Fig. 4: HLA CN analysis and LOH event detection.

a, Comparison of decimal CN estimation of 346 heterozygous HLA-I alleles from the NCI cohort (n = 68 samples) reported by NeoDisc (x axis) and LOHHLA (y axis). b, Comparison of rounded CN estimation of 389 (homozygous and heterozygous) HLA-I alleles from the NCI cohort (n = 68 samples) reported by NeoDisc (x axis) and Sequenza (y axis). c, Sequenza estimation of HLA-I CN (x axis) of all NeoDisc and LOHHLA HLA-I loss calls (n = 17 participants and 37 events; y axis).

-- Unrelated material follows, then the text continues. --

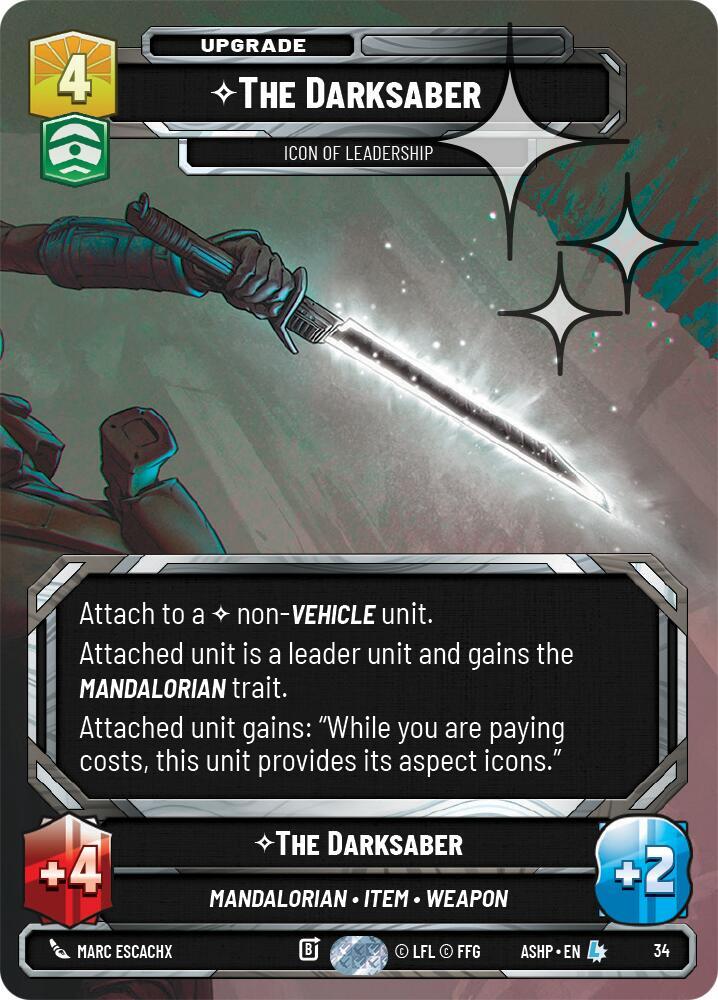 The Darksaber - Icon of Leadership (Foil)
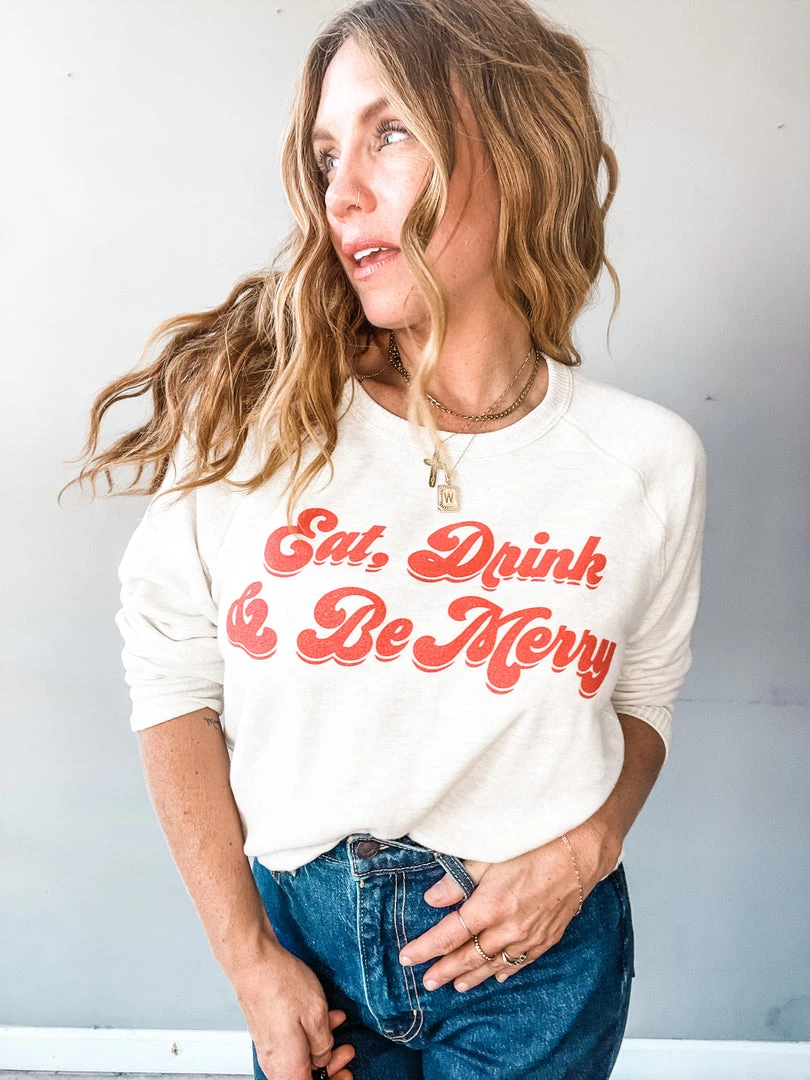 Project Social T Be Merry Raglan 2 Project Social T Be Merry Raglan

Colors indicate common and tool-specific calls. d, Tumor content estimation of samples with HLA-I loss calls (n = 37 samples). e, Comparison of rounded CN estimation of 639 (homozygous and heterozygous) HLA-II alleles from the NCI cohort (n = 68 samples) reported by NeoDisc (x axis) and Sequenza (y axis). f, HLA-II CN estimated by Sequenza (x axis) of all NeoDisc HLA-II loss calls (n = 18 samples and 53 events; y axis). g, Tumor content estimation of samples with HLA-II loss calls (n = 53 events). The box plot center lines represent the median. The bounds of the box represent the 25th and 75th percentiles (IQR). The whiskers extend to the smallest and largest values within 1.5× the IQR. Individual dots represent minima and maxima beyond the whiskers. All individual values are shown as dots. h, Comparison of the effect of keeping or discarding lost HLA-I alleles from the ML prioritization on the ranking of immunogenic peptides from the NCI samples with HLA-I loss (n = 5 samples and 8 peptides). In a, b and e, correlation coefficients and P values were calculated using a two-sided Pearson test.